Assignment. Return the lines below exactly, starting with the line that contains "is Contoh: IF" and stopping after the last line.

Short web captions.
•••
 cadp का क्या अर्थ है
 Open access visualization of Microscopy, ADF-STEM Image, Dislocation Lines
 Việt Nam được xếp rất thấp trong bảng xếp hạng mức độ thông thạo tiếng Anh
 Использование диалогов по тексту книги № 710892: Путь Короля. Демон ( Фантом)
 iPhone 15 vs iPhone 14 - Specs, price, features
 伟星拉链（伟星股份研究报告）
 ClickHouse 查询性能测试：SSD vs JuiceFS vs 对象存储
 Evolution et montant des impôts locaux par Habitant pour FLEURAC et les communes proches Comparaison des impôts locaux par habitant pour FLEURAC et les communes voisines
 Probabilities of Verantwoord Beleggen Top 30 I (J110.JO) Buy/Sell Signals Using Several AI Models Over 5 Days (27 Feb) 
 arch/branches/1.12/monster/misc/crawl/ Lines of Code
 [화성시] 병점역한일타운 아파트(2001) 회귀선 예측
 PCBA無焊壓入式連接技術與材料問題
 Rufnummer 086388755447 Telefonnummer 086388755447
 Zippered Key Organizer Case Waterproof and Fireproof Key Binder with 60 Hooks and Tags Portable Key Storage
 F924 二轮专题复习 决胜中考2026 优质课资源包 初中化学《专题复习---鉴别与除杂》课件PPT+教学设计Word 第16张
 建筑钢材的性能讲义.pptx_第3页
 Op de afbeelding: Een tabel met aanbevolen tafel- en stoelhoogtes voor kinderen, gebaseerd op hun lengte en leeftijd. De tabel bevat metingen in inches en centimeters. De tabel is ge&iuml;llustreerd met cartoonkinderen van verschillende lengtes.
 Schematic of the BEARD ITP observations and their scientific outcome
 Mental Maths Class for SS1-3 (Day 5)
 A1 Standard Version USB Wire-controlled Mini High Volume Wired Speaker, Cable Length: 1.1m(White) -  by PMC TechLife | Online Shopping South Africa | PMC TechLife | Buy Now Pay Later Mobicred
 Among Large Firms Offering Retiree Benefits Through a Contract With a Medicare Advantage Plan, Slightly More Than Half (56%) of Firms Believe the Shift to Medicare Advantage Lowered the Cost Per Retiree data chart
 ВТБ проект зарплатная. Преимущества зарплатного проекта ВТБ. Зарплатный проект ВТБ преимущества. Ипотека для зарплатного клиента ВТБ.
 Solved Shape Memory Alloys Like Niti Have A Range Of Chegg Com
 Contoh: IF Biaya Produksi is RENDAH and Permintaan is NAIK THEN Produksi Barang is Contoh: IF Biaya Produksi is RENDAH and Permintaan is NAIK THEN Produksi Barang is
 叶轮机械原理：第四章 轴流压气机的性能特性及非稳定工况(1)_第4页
•••
Response.
 Contoh: IF Biaya Produksi is RENDAH and Permintaan is NAIK THEN Produksi Barang is Contoh: IF Biaya Produksi is RENDAH and Permintaan is NAIK THEN Produksi Barang is
 叶轮机械原理：第四章 轴流压气机的性能特性及非稳定工况(1)_第4页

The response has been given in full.